No vamos a pedir que se hable en la radio como en los tiempos de Bobby Deglané. (-“¿Señora o señorita? / –Señorita / - ¡Pues será porque usted quiere!”). Pero pasarán los años y seguiremos pegando un respingo cada vez que escuchemos algunas de las expresiones que se emplean en los pódcast que acoge la casa decana de la radiodifusión española. El formato conversacional se ha confundido, en ocasiones, con las charlas de bar entre amigos que se usaban como contraejemplo en las aulas de hace 25 años. Ya sólo falta el eructito. 

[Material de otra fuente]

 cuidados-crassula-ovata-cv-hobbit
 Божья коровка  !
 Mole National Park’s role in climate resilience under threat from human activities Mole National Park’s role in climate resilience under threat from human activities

Los representantes del pueblo se han esforzado en ejercer como tales. La llegada a las cámaras de “la gente”, a partir de 2015, permitió que “me la bufa” (sic) pasara a formar parte de un Diario de Sesiones. En algunos plenos, las croquetas han sido el único elemento diferenciador entre el hemiciclo y el vecino bar Manolo. 

Rompemos una lanza por los registros del lenguaje. Lo hacemos con la energía y la teatralidad del que sabe que su gesto será en vano. El terror es qué veremos, ya decrépitos, en las películas ambientadas en nuestra infancia. 

Resumiendo, que a ver si empezamos a hablar un poquito mejor. Joder. Perdón. Es que se me ha caído un jarrón en el pie.